YOUR ASSIGNMENT: Your answer must hold only the lines below from the line containing "Maison 4 pièce(s) 3 chambre(s) 127 m²" through the line containing "New 2026 Honda Odyssey Touring image 17", each reproduced exactly.

DATA PROVIDED:
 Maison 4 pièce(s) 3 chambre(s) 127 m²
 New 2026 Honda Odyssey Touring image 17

---

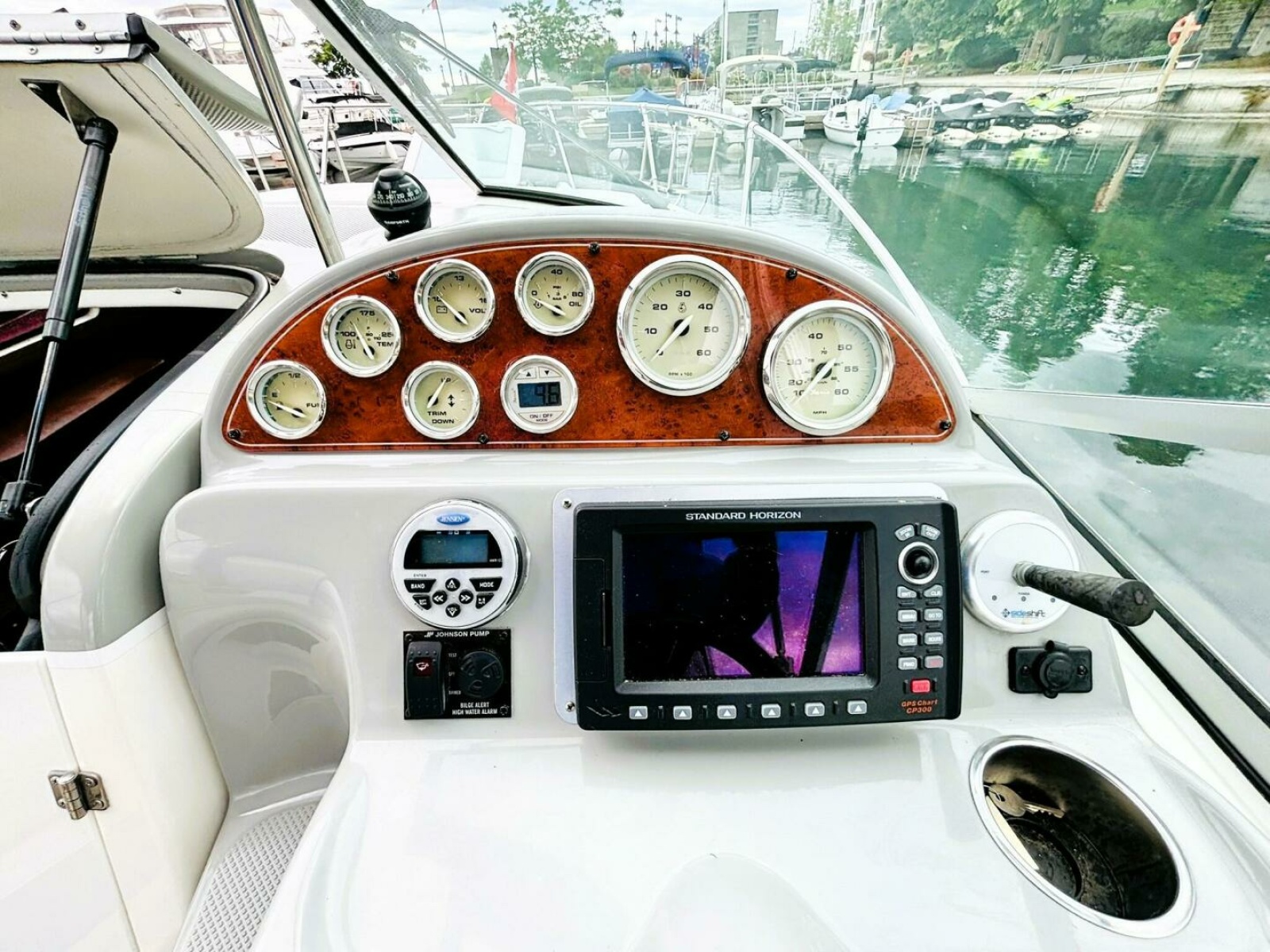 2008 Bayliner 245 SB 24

==

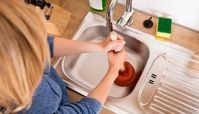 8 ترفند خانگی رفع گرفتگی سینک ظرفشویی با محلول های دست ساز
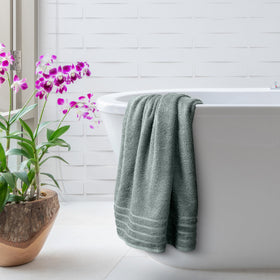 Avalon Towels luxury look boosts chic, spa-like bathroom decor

RESULT OF THIS TASK:
 Maison 4 pièce(s) 3 chambre(s) 127 m²
 New 2026 Honda Odyssey Touring image 17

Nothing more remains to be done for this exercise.